O significado me remeteu às águas negras de entulho do Rio Tietê, aos bueiros das ruas de São Paulo obstruídos pelo lixo, ao horror das inundações: a terra que desaba, o barraco soterrado e os moradores sujeitos ao pior. São Paulo, Rio de Janeiro e o resto do Brasil, onde ainda dispomos do espaço como bem entendemos.
Pensei no autor da frase. Ele, de certo, escreveu com uma fantasia prazerosa de onipotência. Porém fez isso à noite, furtando-se ao olhar dos outros. Não era livre, era escravo do desejo de ser onipotente. Escreveu, correndo o risco de ser pego em flagrante e sofrer as conseqüências.
Ninguém é livre por fazer o que bem entende e sim porque deseja fazer o que pode. Na cidade ou no campo, no rio ou no mar, no espaço inteiro do planeta. A cada dia que passa, nós estamos mais ameaçados pelo terremoto, a tempestade, o tsunami… A sobrevida requer o autocontrole, além de impor a prevenção. A exemplo disso, o que fizeram os japoneses, controlando a repercussão do terremoto pela localização judiciosa das construções e a solidez das mesmas.
A conduta de quem se norteia só pela própria fantasia não é livre, é perversa pois faz do prazer a única lei do desejo. Visa somente a satisfação imediata e negligencia o estrago que pode causar. A vida depende do ensinamento da contenção, que não é sinônimo de repressão.
Quem se contém, faz isso porque deseja fazê-lo e não porque é obrigado pelos outros. Obedece a uma lei que não é exterior, foi interiorizada. Quem é reprimido, deixa a contragosto de fazer o que deseja, e, por se sentir contrariado, tende a valorizar a transgressão.
A contenção implica a consciência de que somos livres quando desejamos o que podemos.
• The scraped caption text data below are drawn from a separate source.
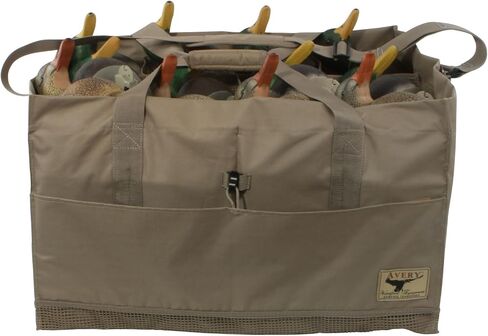 Avery 12-Slot 6.5" x 6.5" Waterfowl Hunting Durable Duck Decoy Bag w/Adjustable No-Slip Padded Shoulder Strap & Mesh Bottom, Field Khaki in Saudi Arabia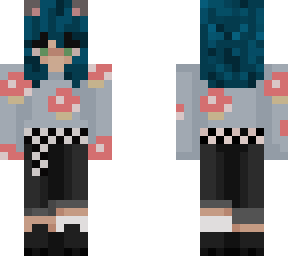 grey mushroom jumper catgirl goth blue hair black jeans green eyes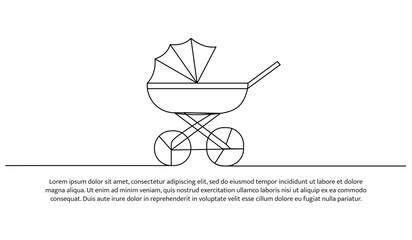 One line of strollers. Abstract minimal continuous line.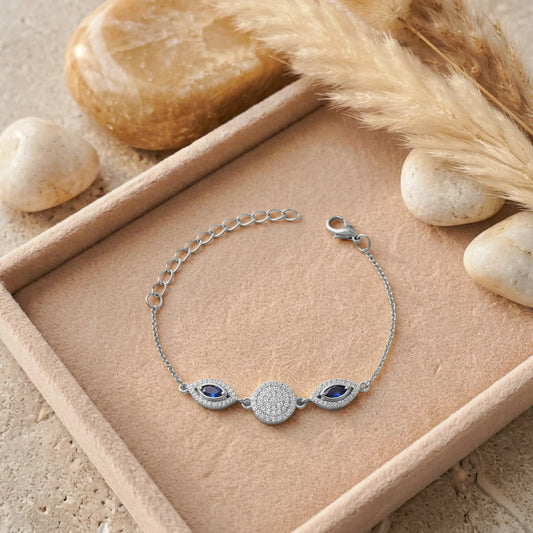 Blue Marquise Pavé Disc Ladies Bracelet | 925 Sterling Silver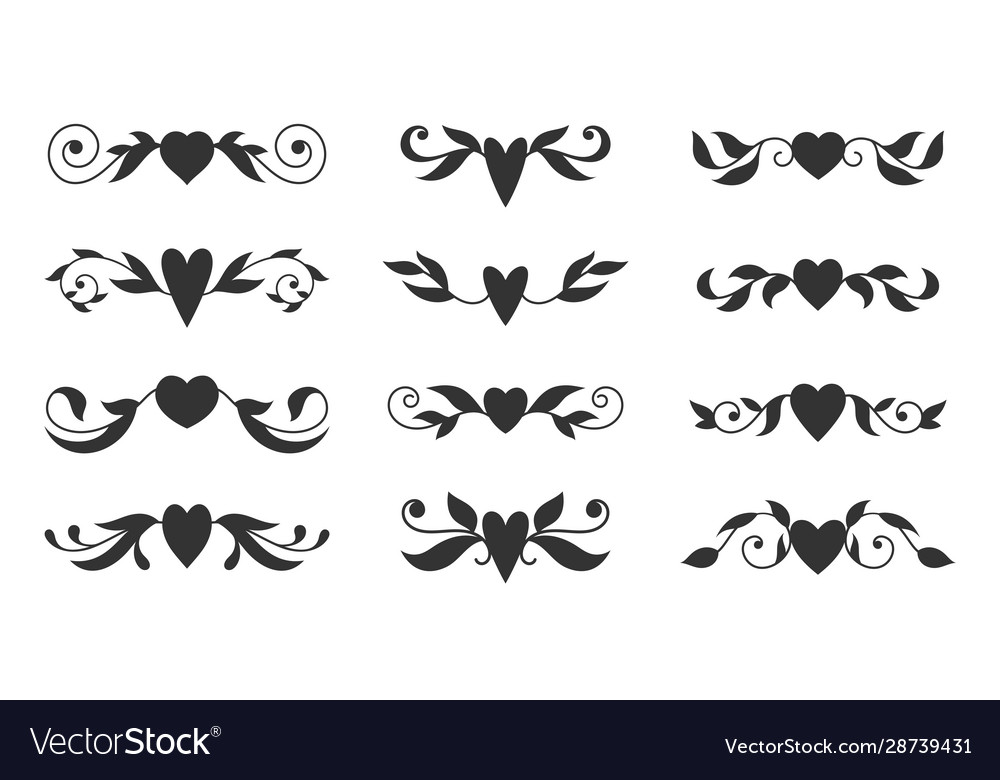 Heart floral wing devider love tatoo border Vector Image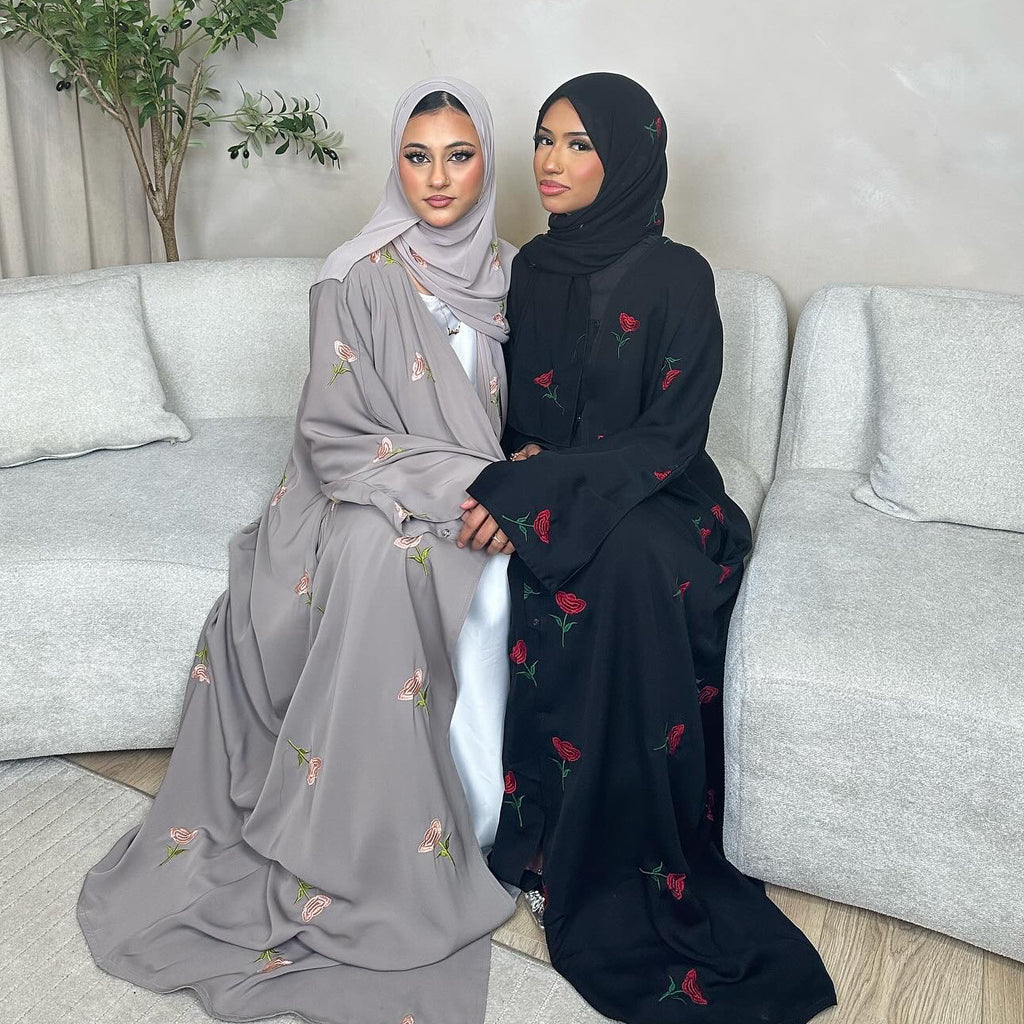 1064#2025 Women's Summer Floral Embroidery Abaya Hijab Set Abaya Manufacturer 2 Pcs Set Islamic Clothing Muslim Women Abaya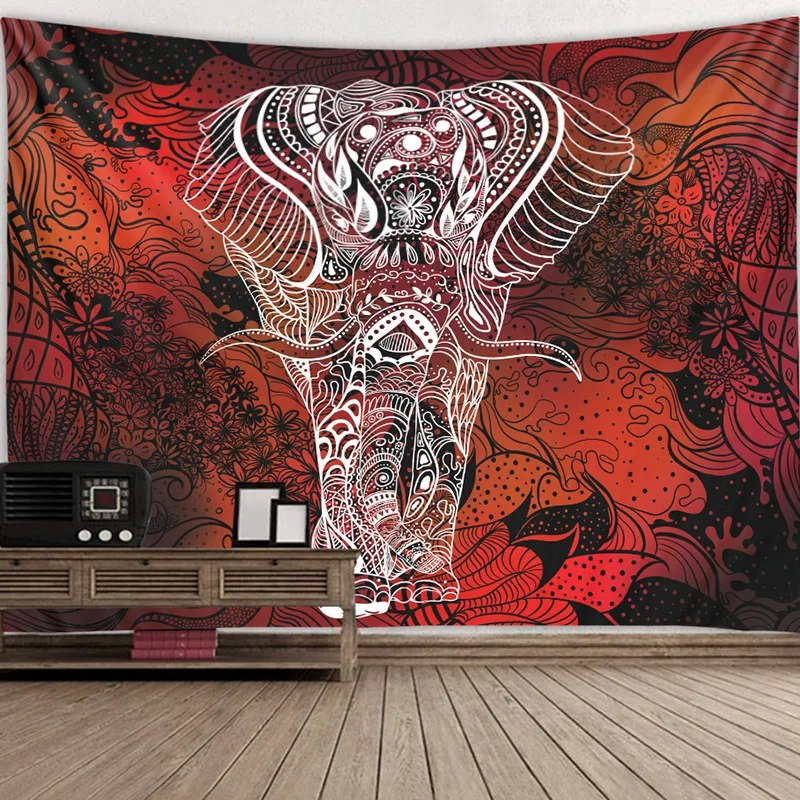 

Bohemian Mandala Tapestry Wall Hanging Elephant Hippie Tapestry Wall Fabric Boho Decor Psychedelic Carpet Wall Cloth Tapestries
Ou seja, quando nossa liberdade leva em conta os outros. Para tanto, é preciso ser educado como no Japão, onde apesar da tragédia que se abateu sobre o país, não houve violência, cenas de tumulto ou saque, a disciplina imperou nos abrigos improvisados e nas filas dos telefones públicos. Privadas do uso normal do celular, as pessoas esperavam pacientemente a vez para falar com os familiares. Uma lição de civilidade tão inesquecível quanto um terremoto que corresponde a cento e oito mil bombas de Hiroshima.